Однажды летом 1965 года Дмитрий Дмитриевич мне сказал, что на киностудии «Ленфильм» планируют снимать фильм-оперу «Катерина Измайлова» («Леди Макбет Мценского уезда») и что он будет счастлив, если я соглашусь сниматься в главной роли. Моему ликованию не было границ: я столько лет мечтала создать образ Катерины, что это стало смыслом, целью моей жизни. И если бы в то время мне сказали, что она будет моей последней партией и после нее я перестану петь, я бы на это пошла. Я тогда переживала трудный период моей жизни: умер в 1964 году А. Мелик-Пашаев, и я на долгое время потеряла всякий интерес к Большому театру.
Поэтому приглашение Ленинградской киностудии явилось для меня творческим спасением. Я взяла в Большом театре отпуск на весь сезон и жадно кинулась работать над долгожданной ролью.

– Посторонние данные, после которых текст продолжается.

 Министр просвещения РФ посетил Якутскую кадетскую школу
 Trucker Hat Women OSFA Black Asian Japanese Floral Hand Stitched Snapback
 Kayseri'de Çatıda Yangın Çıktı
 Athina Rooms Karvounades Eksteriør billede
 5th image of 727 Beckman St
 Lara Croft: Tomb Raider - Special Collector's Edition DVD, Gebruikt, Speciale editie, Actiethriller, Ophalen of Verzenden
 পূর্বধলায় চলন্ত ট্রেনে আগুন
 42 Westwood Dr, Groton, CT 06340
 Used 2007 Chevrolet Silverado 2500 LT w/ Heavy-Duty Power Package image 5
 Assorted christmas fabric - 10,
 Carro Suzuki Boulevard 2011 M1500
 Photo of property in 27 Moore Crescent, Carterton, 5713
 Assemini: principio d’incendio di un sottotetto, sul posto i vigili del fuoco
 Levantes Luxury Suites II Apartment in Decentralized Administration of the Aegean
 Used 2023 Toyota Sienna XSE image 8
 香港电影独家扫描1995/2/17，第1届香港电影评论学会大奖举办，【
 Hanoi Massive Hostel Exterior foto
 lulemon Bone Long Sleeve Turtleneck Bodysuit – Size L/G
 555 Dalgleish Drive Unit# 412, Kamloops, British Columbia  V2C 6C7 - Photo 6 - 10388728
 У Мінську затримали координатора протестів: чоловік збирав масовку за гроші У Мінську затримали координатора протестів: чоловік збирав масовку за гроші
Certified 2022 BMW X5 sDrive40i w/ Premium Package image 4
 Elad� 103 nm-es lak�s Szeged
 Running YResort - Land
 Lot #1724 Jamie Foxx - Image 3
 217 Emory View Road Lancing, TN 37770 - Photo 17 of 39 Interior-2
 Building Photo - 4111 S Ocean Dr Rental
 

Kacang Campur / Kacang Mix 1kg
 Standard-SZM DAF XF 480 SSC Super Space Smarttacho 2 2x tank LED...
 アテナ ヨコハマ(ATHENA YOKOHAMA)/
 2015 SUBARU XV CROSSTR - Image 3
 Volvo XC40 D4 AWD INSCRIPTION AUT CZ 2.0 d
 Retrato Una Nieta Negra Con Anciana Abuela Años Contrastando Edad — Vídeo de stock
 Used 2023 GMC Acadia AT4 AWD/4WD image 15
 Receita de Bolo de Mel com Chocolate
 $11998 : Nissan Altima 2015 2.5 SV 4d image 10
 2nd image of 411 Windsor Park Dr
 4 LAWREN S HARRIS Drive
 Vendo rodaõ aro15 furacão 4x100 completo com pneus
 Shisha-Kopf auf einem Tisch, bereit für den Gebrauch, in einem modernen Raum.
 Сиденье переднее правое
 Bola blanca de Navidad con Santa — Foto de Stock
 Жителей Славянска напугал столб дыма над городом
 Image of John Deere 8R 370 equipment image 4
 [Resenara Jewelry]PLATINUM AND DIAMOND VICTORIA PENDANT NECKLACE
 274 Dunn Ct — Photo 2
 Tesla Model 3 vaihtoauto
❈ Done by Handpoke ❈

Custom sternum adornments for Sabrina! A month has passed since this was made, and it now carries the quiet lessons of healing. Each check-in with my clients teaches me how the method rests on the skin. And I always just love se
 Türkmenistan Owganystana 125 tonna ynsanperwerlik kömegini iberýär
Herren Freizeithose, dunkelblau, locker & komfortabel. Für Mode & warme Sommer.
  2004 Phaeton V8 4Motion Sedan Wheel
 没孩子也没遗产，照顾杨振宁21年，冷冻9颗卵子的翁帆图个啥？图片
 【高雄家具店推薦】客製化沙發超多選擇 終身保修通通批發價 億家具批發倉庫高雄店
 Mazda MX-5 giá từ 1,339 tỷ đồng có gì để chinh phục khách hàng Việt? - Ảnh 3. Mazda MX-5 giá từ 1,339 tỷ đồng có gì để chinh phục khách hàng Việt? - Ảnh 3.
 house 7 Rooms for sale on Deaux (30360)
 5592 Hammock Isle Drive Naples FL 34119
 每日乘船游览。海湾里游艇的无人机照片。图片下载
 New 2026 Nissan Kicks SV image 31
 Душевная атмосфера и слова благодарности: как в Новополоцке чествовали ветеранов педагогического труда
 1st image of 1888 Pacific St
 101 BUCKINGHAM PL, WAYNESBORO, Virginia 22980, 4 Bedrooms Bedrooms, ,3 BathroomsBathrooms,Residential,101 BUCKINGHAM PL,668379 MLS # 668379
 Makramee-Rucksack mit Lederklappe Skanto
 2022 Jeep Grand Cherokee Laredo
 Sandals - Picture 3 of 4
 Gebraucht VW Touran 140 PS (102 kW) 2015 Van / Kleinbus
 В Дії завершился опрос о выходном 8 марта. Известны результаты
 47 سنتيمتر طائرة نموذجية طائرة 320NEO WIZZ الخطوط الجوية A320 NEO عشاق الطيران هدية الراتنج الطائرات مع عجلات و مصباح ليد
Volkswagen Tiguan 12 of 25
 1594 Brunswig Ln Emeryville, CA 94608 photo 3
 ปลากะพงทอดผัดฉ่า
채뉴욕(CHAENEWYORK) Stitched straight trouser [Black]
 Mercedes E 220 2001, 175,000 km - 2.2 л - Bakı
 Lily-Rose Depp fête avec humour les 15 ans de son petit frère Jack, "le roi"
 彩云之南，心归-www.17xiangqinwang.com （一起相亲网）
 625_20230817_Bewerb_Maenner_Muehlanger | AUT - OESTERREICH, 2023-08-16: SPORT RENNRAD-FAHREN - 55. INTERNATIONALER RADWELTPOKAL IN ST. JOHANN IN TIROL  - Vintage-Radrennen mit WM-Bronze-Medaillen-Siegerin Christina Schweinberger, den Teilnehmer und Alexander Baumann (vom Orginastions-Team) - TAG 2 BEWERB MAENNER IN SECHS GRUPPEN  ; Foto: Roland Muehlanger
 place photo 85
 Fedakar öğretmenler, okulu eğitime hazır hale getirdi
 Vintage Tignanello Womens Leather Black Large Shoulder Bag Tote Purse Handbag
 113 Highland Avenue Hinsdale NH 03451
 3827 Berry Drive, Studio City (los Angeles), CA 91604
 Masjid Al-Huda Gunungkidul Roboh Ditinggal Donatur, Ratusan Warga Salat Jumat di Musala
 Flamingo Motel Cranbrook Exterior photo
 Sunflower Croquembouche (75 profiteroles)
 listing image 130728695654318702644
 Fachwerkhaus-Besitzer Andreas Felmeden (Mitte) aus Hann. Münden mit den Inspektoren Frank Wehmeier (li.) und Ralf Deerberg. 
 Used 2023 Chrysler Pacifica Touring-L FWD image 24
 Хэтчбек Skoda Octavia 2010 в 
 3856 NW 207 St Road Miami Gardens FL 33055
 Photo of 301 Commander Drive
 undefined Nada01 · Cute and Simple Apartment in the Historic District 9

Прежде чем дать мне клавир оперы, Дмитрий Дмитриевич своей рукой вписал в мою партию верхнюю строчку над уже напечатанной строкой во многих местах оперы. Мне же не сказал ни слова, не просил петь именно этот вариант. Я, конечно, выучила то, что он написал, даже не зная, что это – из его первой редакции оперы. Для меня всегда авторитет Шостаковича был настолько безоговорочным, что, если бы после моего концерта или спектакля он сказал мне о черном, что это белое, я бы, не рассуждая, ответила: «Да, Дмитрий Дмитриевич, это так», – потому что знала, что он видит лучше меня, что есть главное в моем искусстве. Я брала ноты, которые он мне давал, и беспрекословно выполняла все в них написанное.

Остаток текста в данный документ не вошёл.